*Supplied material*

# # # # # # #

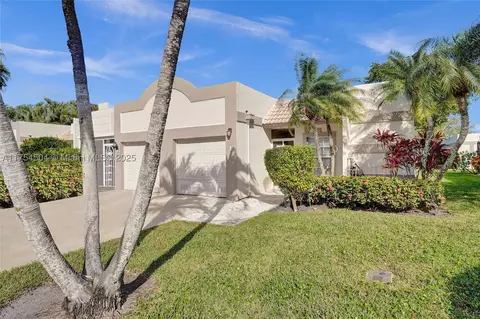 18870 Stewart Cir 1 #1, Boca Raton, FL 33496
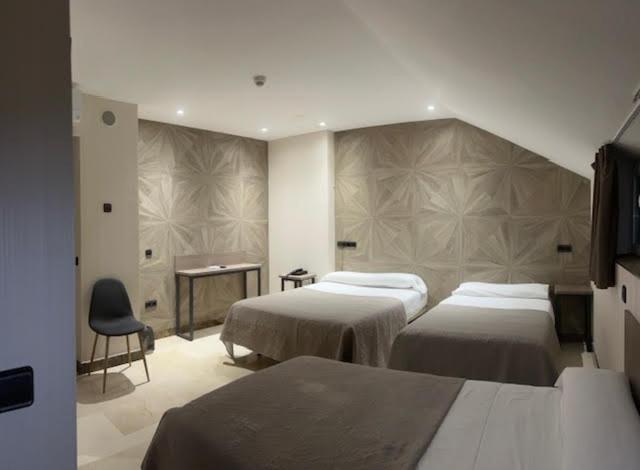 Hotel Ciudad de Fuenlabrada - Housity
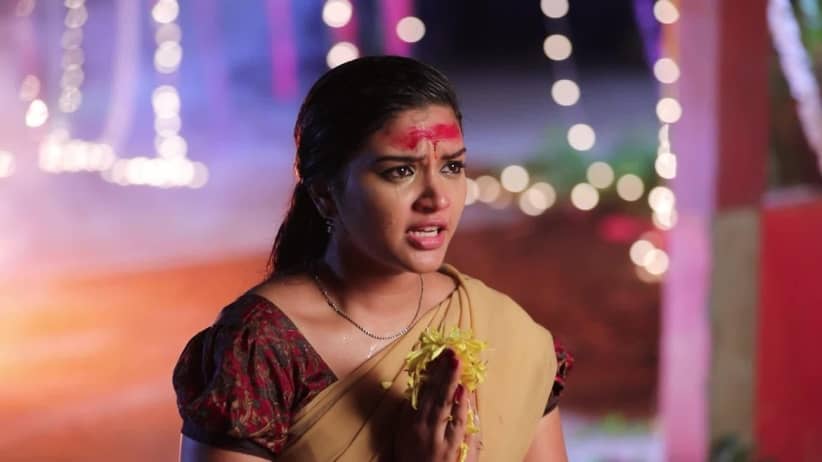 Parvathy prays to goddess Amman - Sembaruthi Highlights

# # # # # # #

*Action item*
All of the material above should be written out exactly as given, minus any images.

*Response*
 18870 Stewart Cir 1 #1, Boca Raton, FL 33496
 Hotel Ciudad de Fuenlabrada - Housity
 Parvathy prays to goddess Amman - Sembaruthi Highlights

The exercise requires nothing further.